The link between mental and physical health

Mental and physical health are unavoidably linked and together, they form the basis of a child's overall well-being. When we talk about mental health, we're referring to mental ill health as well as emotional resilience, coping skills, and a positive self-image. Likewise, physical health is more than just physical fitness; it includes nutrition, sleep and general wellness.

For children, maintaining a balance between these two parts is crucial. Physical health supports mental well-being, as regular exercise and a balanced diet can improve mood and cognitive functioning. At the same time, mental health supports physical health by developing healthy habits, reducing stress and strengthening the immune system.

Screen time and its impact

The digital era has launched a variety of screens into our children's lives. While screens offer educational and recreational opportunities, excessive screen time can have a detrimental effect. It can contribute to physical health issues such as obesity, neck and back problems as well as disrupted sleep patterns. It can also affect social development and hinder the development of crucial life skills.

Parents must play a central role in managing screen time. There is no easy way around this. Setting boundaries and encouraging children to engage in age-appropriate, educational content can help strike a balance. Additionally, being actively involved in your children's screen time activities creates a sense of connection and provides opportunities for discussion and guidance. Children like it when parents know what they play and watch.

The power of being present

Parental presence is not just about being there physically; it's about emotional availability and engagement. Attachment theory* explains that a secure emotional bond between children and caregivers is fundamental for healthy development throughout life. These bonds ensure that a child feels safe to explore the world, form relationships, and develop a strong sense of self.

When parents are present both physically and emotionally, a child will feel secure in expressing their feelings, thoughts and concerns. This emotional connection is a protective factor and helps children cope with stress and adversity and increases their self-esteem and resilience.

Dealing with rejection and building resilience

Rejection is a part of life that is hard to avoid, even in childhood. It can come in many forms – not being picked for a team, difficulty making friends or facing academic challenges. How children handle rejection profoundly impacts their mental health and social skills.

Parents can help children deal with rejection by validating their feelings, teaching coping strategies and encouraging perseverance. A strong attachment to the parent or caregiver provides a secure foundation for children to draw strength and resilience from when facing difficult situations.

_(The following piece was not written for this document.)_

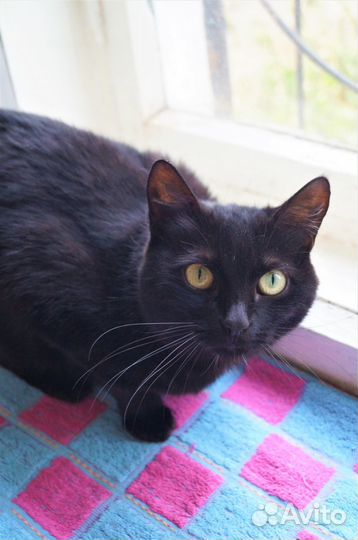 Bидeo.Рикси.стерил-а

Developing social skills and connection

Social skills are essential for building and maintaining healthy relationships. Children need to learn how to communicate effectively, resolve conflicts and empathise with others. These skills are best developed through real-world interactions and connections.

Parents can teach social skills by ensuring their children engage with friends or family, both in structured and unstructured settings. Encourage playdates, group activities and open-ended conversations about friendships and emotions. Teach the value of kindness, empathy and how to listen.

The importance of real-life meetings

In our digitally connected world, genuine, face-to-face connections are more critical than ever. While online interactions have their place, they cannot fully replace the importance of in-person connections.

Parents should prioritise family time and ensure they have meaningful conversations. Quality over quantity is key. Engage in activities that promote bonding, such as family meals, outings and shared hobbies. These moments not only strengthen the parent-child bond but also healthy interpersonal relationships.

The development of children's mental and physical health depends on a balance of various interconnected factors. Screen time, parental presence, attachment, rejection, social skills and meaningful connections all play integral roles in shaping a child's well-being. As parents, our aim should be to create an environment that nurtures not only their bodies but also their hearts and minds. By doing so, we equip them with the tools they need to navigate life's challenges and create connections that will enhance their lives.

This takes effort and time, however, when our children leave the nest and fly away, confident and able to cope with life’s ups and downs, pat yourself on the back!

We never stop being their parents and for that, I am forever grateful.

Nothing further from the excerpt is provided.